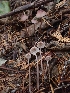  ( - HAY-F-003413)  @11 [ ] by-nc (2023) Sadie Hickey Fungal Diversity Survey
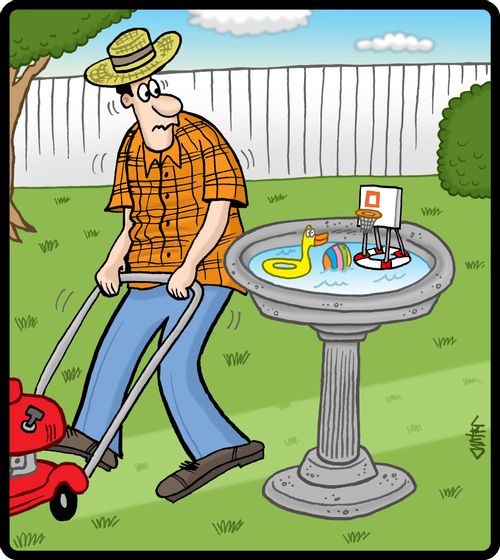 Bird bath pool toys.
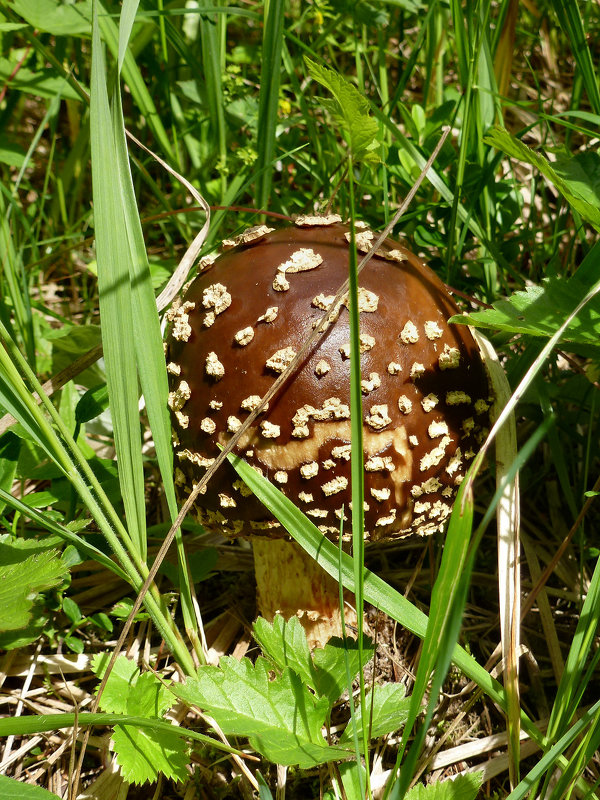 Королевский мухомор - Наталья И.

================

§ **How to complete this task**
Give the data again exactly. Keep the images out.

§ **Exercise solution**
  ( - HAY-F-003413)  @11 [ ] by-nc (2023) Sadie Hickey Fungal Diversity Survey
 Bird bath pool toys.
 Королевский мухомор - Наталья И.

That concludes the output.